3. A writes an offer to B, which he encloses in an envelope, addresses and stamps. Shortly afterwards, he decides not to send the offer, but by mistake he deposits it in the mail. It is delivered to B, who accepts the offer. There is a contract unless B knows or has reason to know of A's error. Whether the contract is voidable for mistake is governed by the rules stated in Chapter 6.

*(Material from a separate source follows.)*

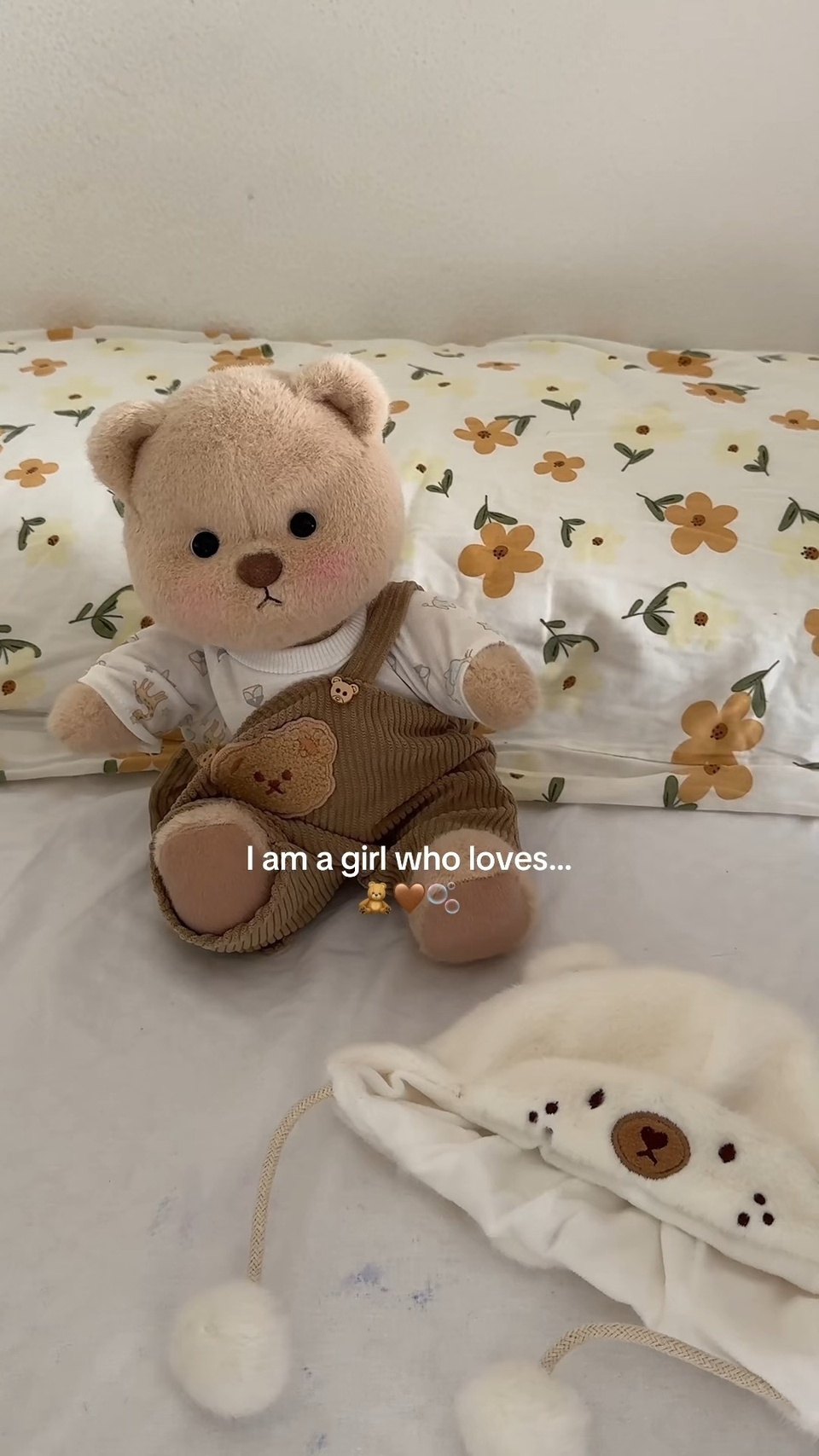 ?I am a girl who loves ???????...And you?
#getahugco #getahug #giftidea #handmade #teddybear #cute #gift #hobby #fun #cuteplushies #bearlover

d. Voidable manifestations distinguished. Actual mental assent is not essential to the formation of an informal contract enforceable as a bargain. This is made clear by the definitions of "bargain" and "agreement" in terms of "manifestation" of mutual assent. See §§ 3, 17, 18; compare Comment b to § 2. But the fact that apparent assent is not genuine may have legal significance in rendering the contract voidable or unenforceable for mistake, misrepresentation, duress, or undue influence. See Chapters 6 and 7. In such cases it is often necessary to inquire whether the power of avoidance has been exercised with sufficient promptness, or whether the other party has so changed his position that avoidance would be inequitable. Where there is no manifestation of mutual assent, on the other hand, the contractual relations of the parties are not affected, and such inquiries are unnecessary.